UX Principles for Investing Newbies

Role: Lead content designer ♢♢ Timeline: 3 months, fall 2018

After designing and testing 10 content prototypes, I authored communication principles to focus the team on helping Capital One customers digest investing concepts and make choices right for their lifestyles.

61% of adults find investing to be 'scary' or 'intimidating'¹
Only 1/10 professionals has a formal plan for retirement²

User problem

I don’t know how to start investing.

Context

I was the lead content designer for an investing product to help customers easily invest. I designed and tested iterative content-led prototypes alongside developing general content strategy principles for product. Throughout the project, I partnered with a UX researcher as well as a lead product designer and a product manager.

Impact

Aside from informing UX, these general principles directly influenced the content design team’s broader work on voice & tone principles for our product suite, setting up a template for how to do this work in partnership with UXR insights. I also socialized them to drive alignment across partner teams, i.e. Brand Strategy working on the customer lifecycle. In terms of product impact, these principles allowed us to push back on Product and Eng scoping decisions, too, using them as a benchmark of a quality UX to determine an MVP.

Final Deliverable: UX Principles

1.      Don’t use jargon.

If you need to, explain the “so what?”—why it matters to their life and goals is more important to customer than the actual stodgy definition. We are putting together the dots for them, in their best interest.

2.     Recognize when emotion (or lack of) might get in the way.

It’s hard to know what you’d do in a hypothetical bad market situation if you’ve never been through it and aren’t a seasoned investor—our customers might feel angst, glaze over, or just be overwhelmed. None of those help them to confidently take action. The same goes for scary or boring jargon words. Consider how you want customers to feel when talking to then, and use it to their advantage, not ours.

3.     Help customers answer questions by framing them in terms they get and their priorities.

Don’t talk around what they should do in another language system. This goes back to no definitions without a “so what?” and leaving them to help themselves once we throw information at them.

4.     It’s not just about brevity, it’s about providing clear customer value.

Don’t make customers read through the lines; show them the point upfront. Why are we talking to them? What action do they need to take?

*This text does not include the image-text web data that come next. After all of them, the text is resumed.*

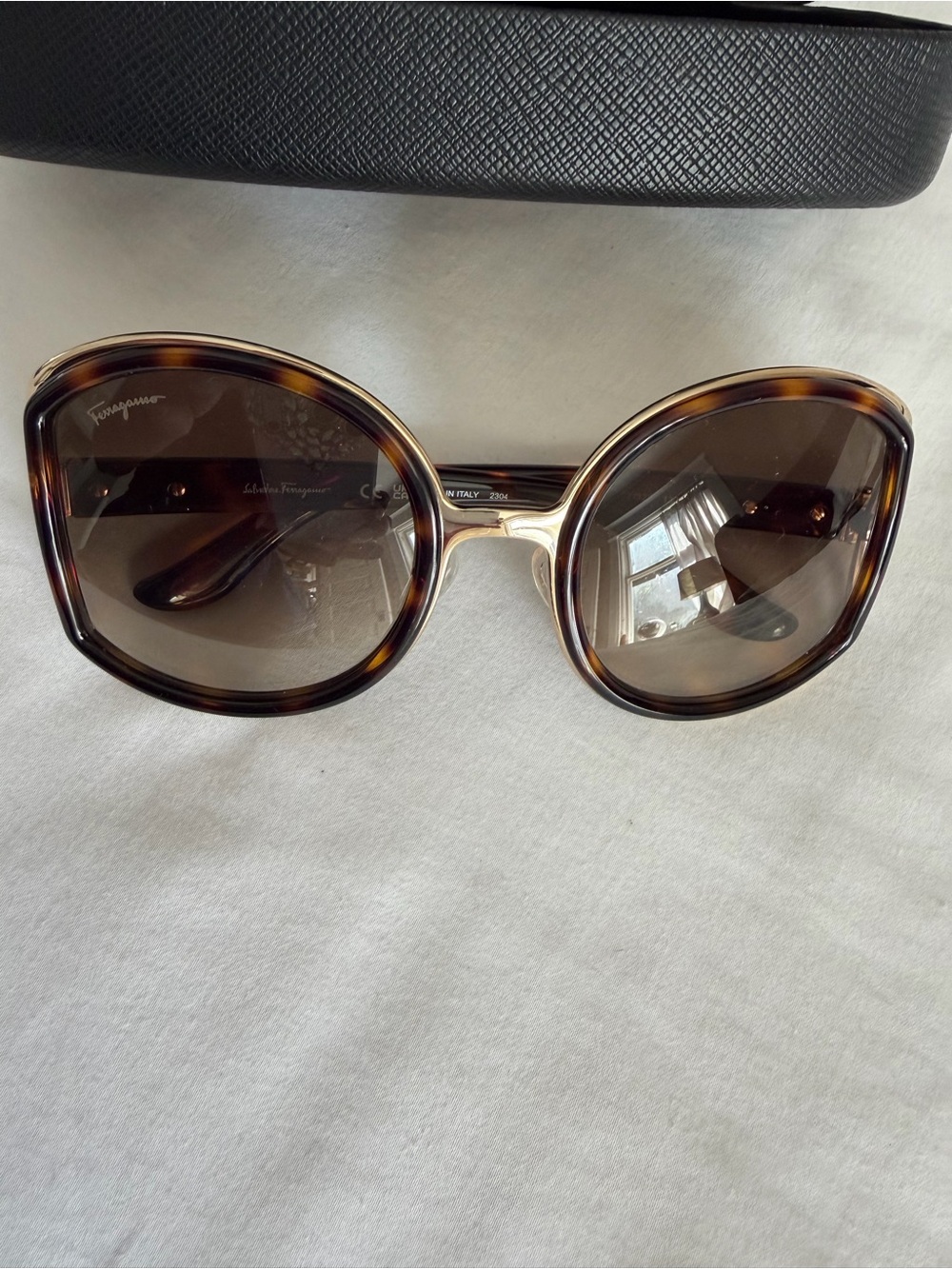 Salvatore Ferragamo Tortoiseshell Oversized Women's Sunglasses - like new - Picture 2 of 7
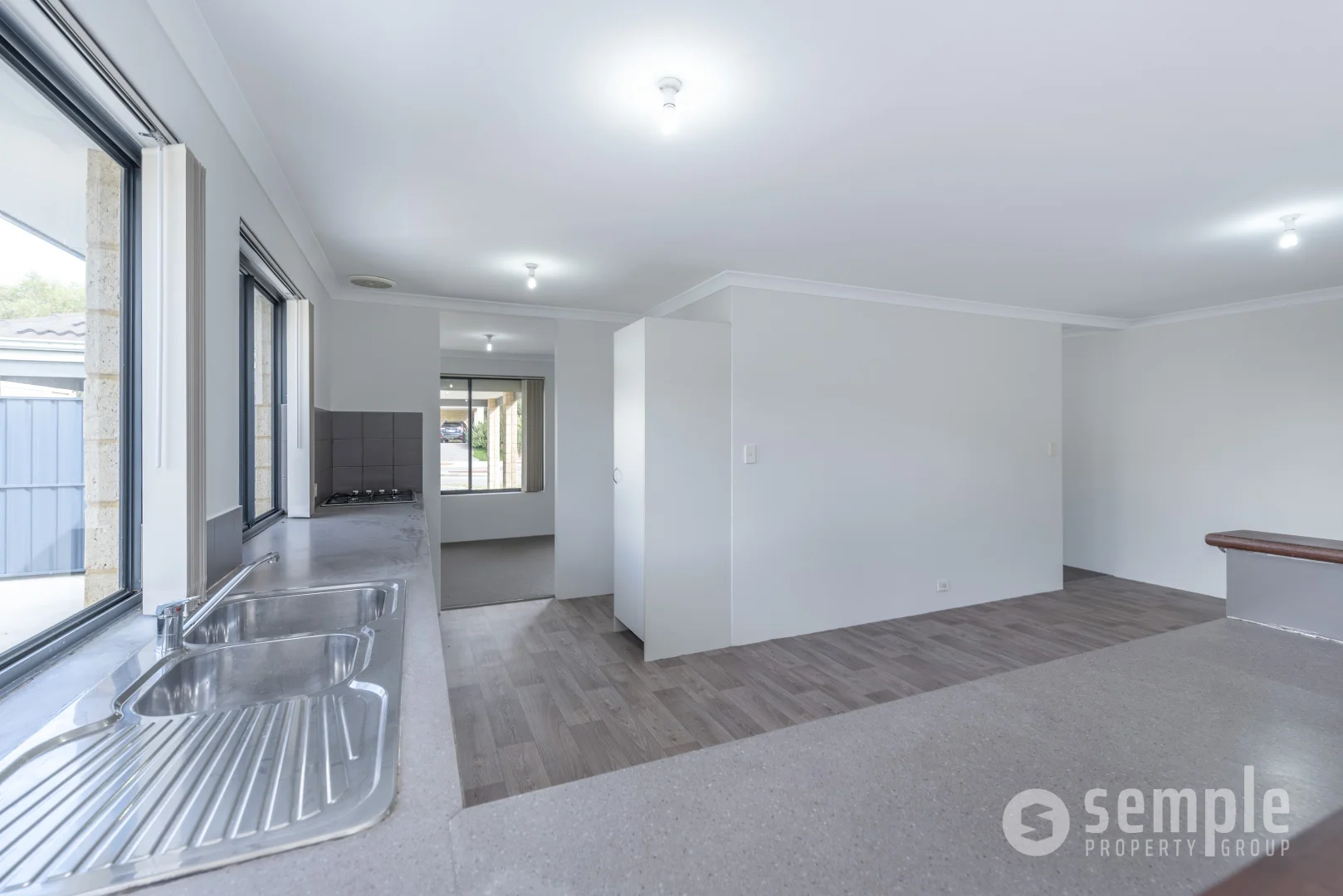 8 Madeira Turn, Byford WA 6122 photo 5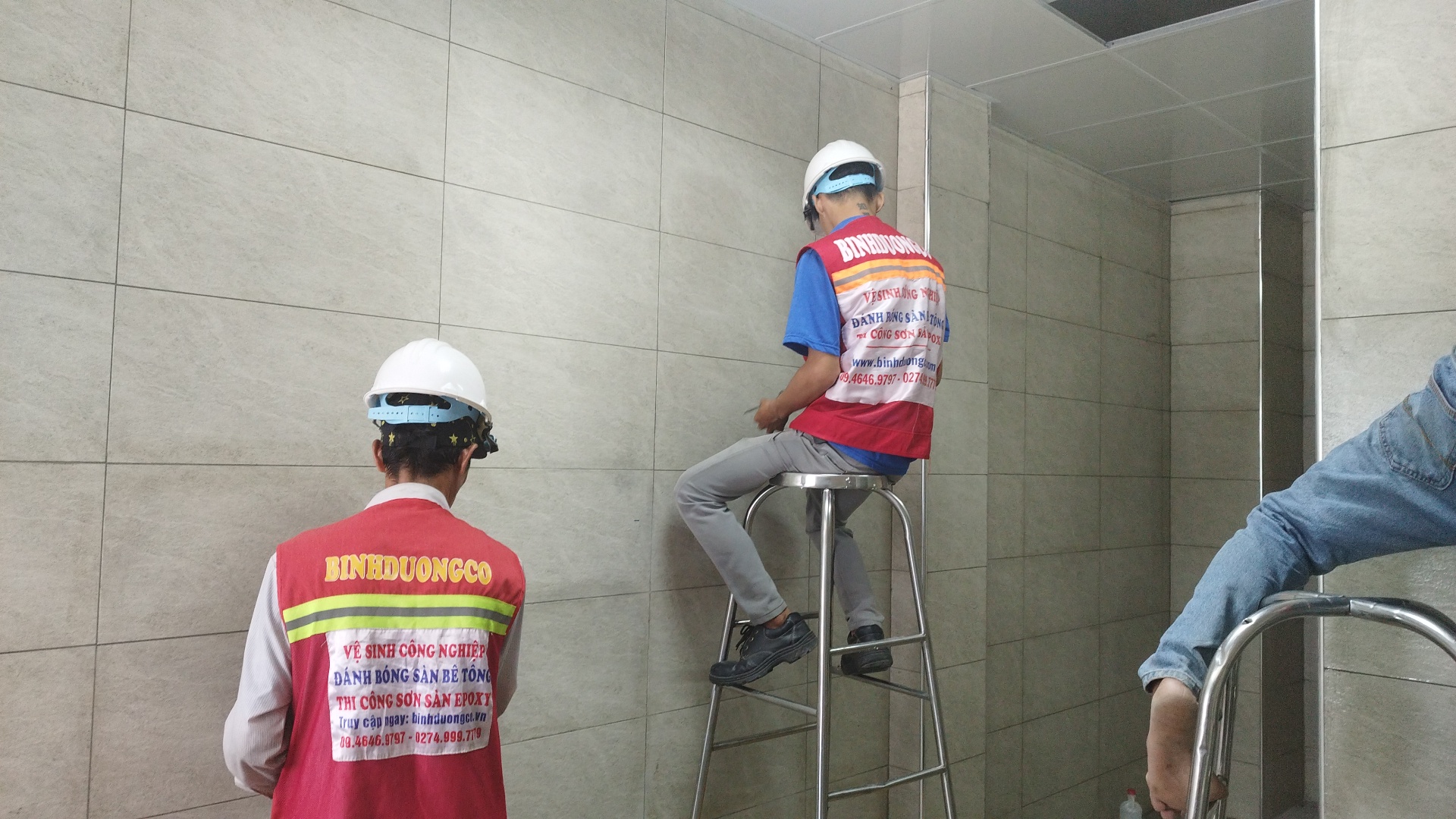 Dịch Vụ Vệ Sinh Công Nghiệp Bình Dương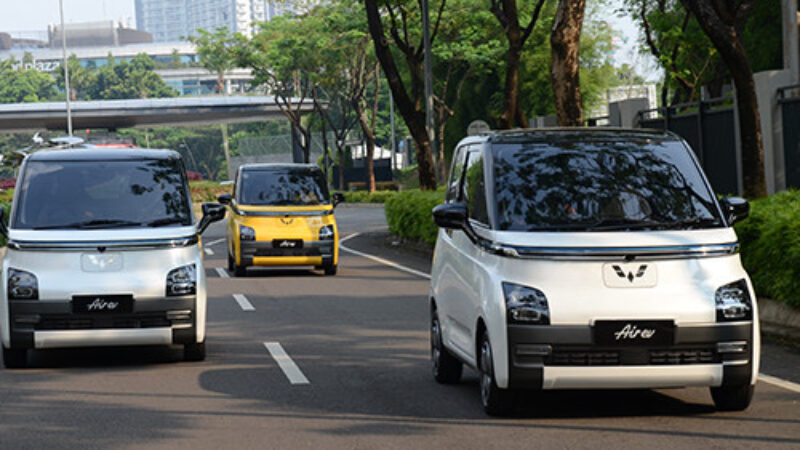 Ilustrasi Wuling Air EV di jalan raya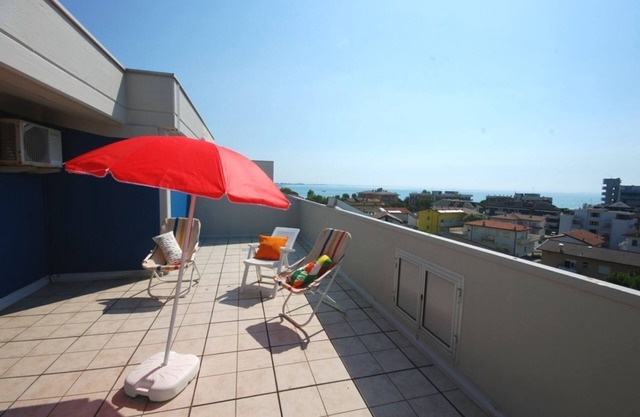 Apartment with solarium in Lignano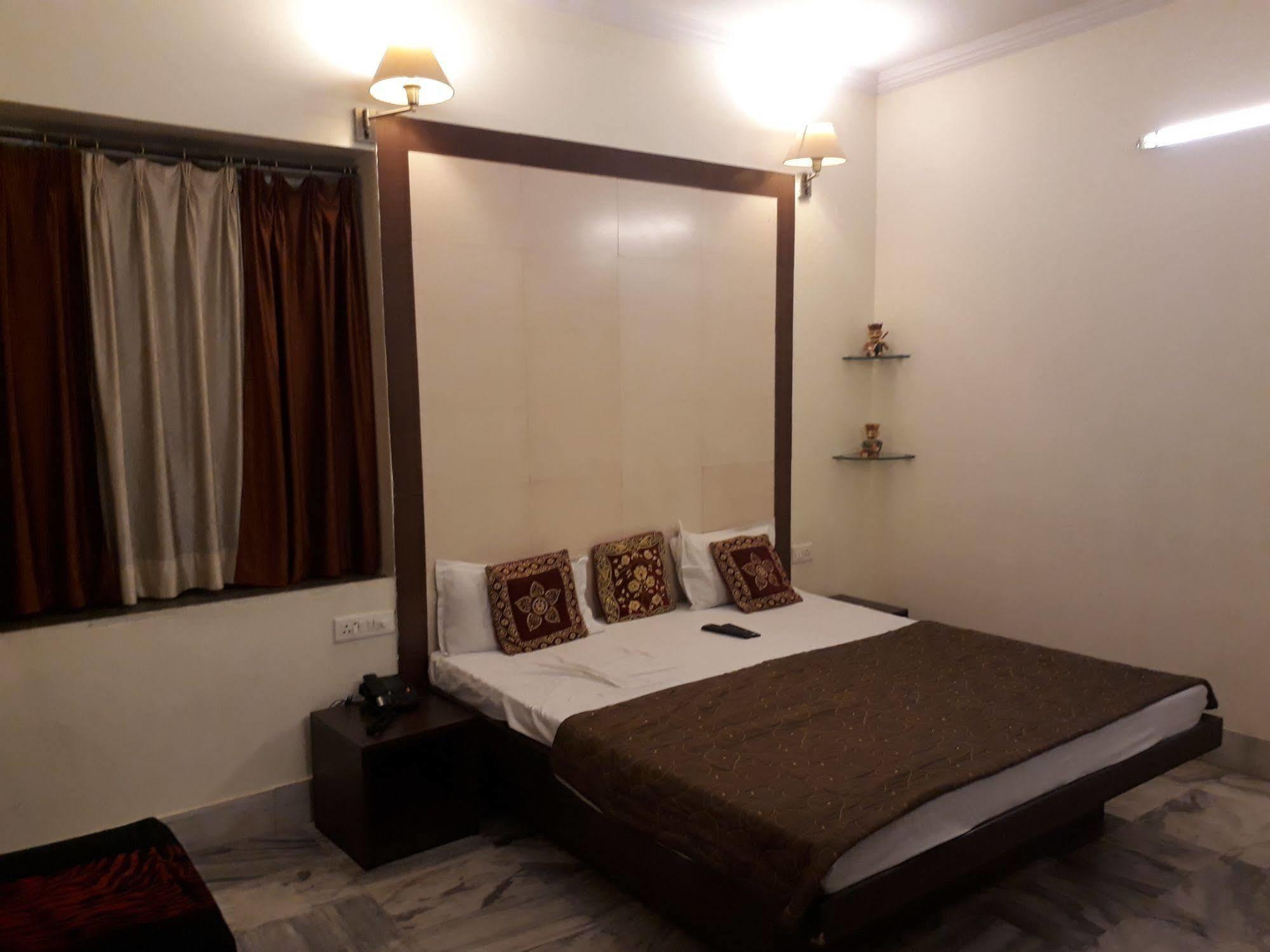 Hotel Golden Deluxe Jaipur Buitenkant foto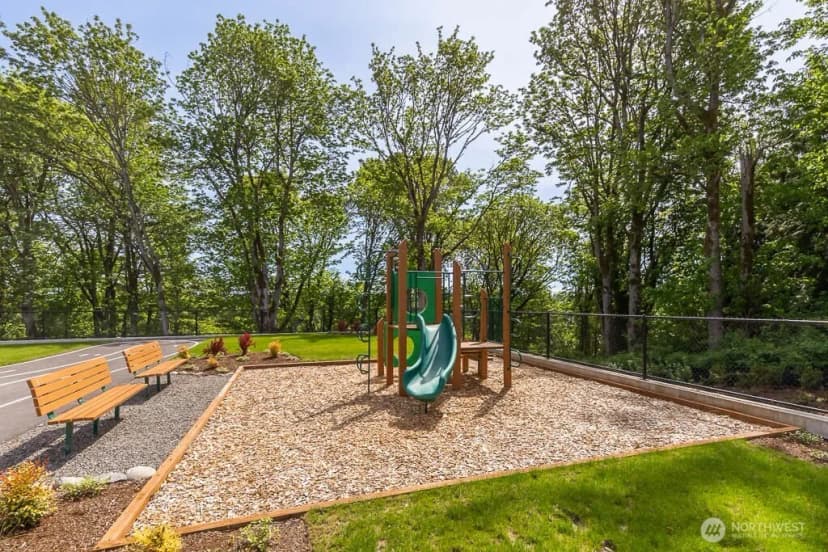 Property photo for 1727 Noble Avenue #82, Snohomish photo 36
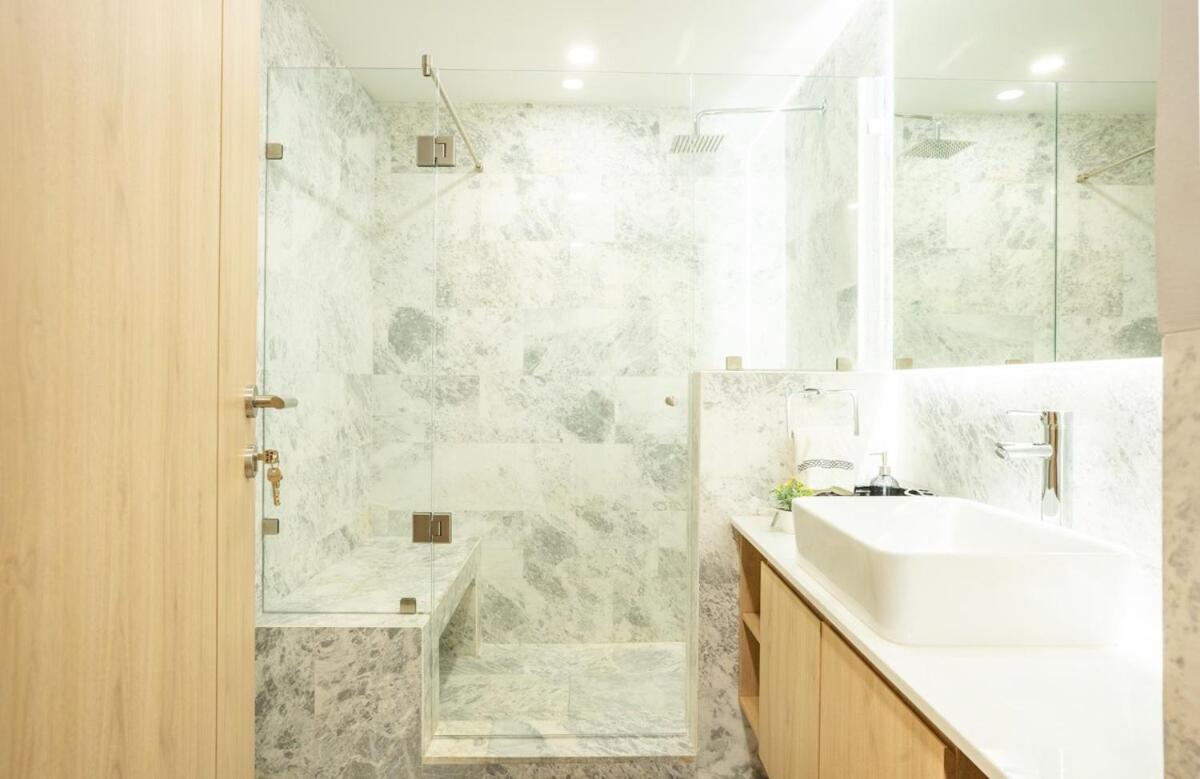 Stunning 3br In Condesa With Terrace, Pool & Gym Apartment *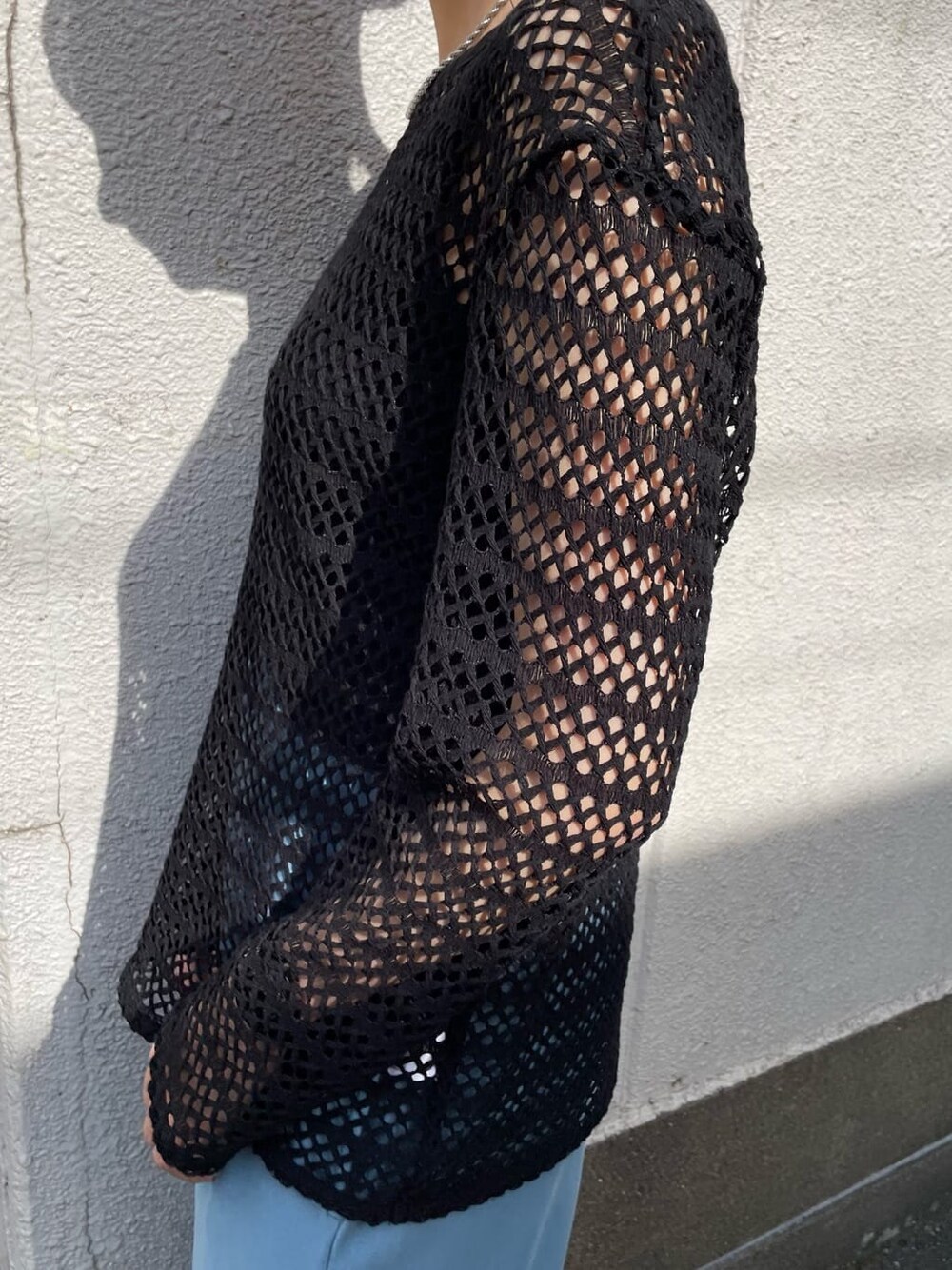ブルー系のスウェットパンツ、ホワイト系のサンダル、ブラック系のTシャツ/カットソーを着用したレディースの春コーディネートの6枚目の写真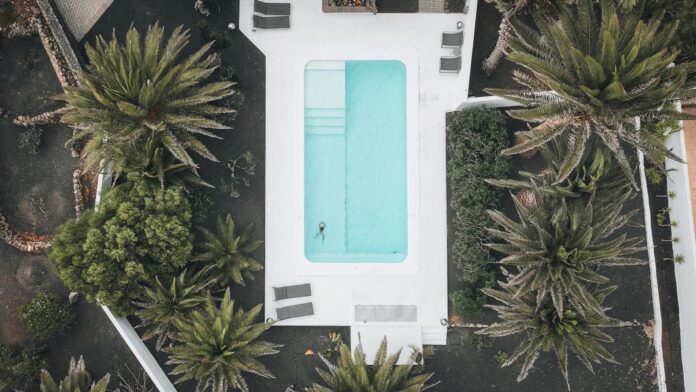 Villa Amonita: arquitectura consciente en Lanzarote con cerámica de APE Grupo
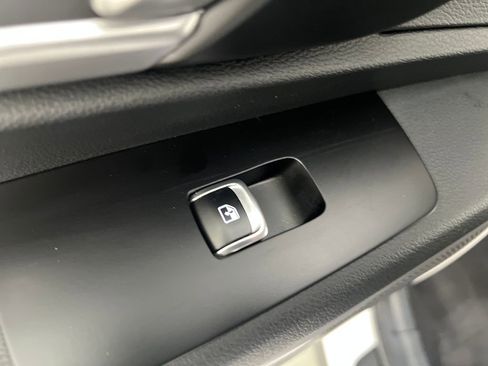 Used 2025 Kia Telluride S FWD image 17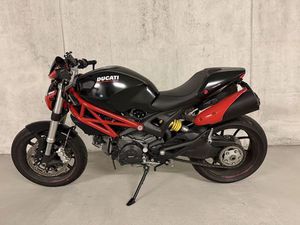 DUCATI MONSTER 796 – TOP GEPFLEGT, ERST 9’500 KM!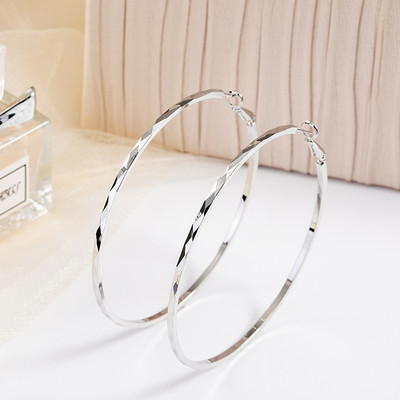 Női karika fülbevaló arany és ezüst színben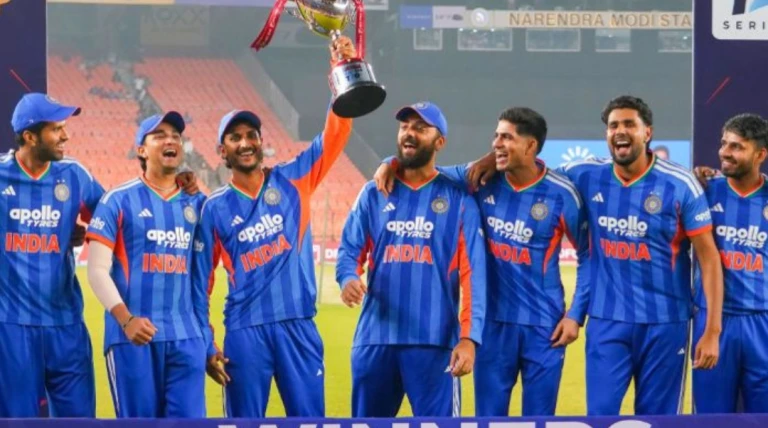 તિલક, હાર્દિક કે અભિષેક નહીં, શાનદાર બોલિંગથી વરુણ ચક્રવર્તી બન્યો ટીમ ઈન્ડિયાનો પ્લેયર ઓફ ધ સિરીઝ હીરો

 5.     Remember what customers know.

We offer a holistic experience with the ability to talk to customers through multiple touchpoints. We’ve got to remember that customers perceive only one conversation with us, so we need to thoughtfully craft a narrative that isn’t repetitive, ill-timed, or out-of-touch with their life.

6.     Tell customers upfront.

Why are we contacting them? They aren’t into pleasantries; they want to know what’s up ASAP and what they need to do next.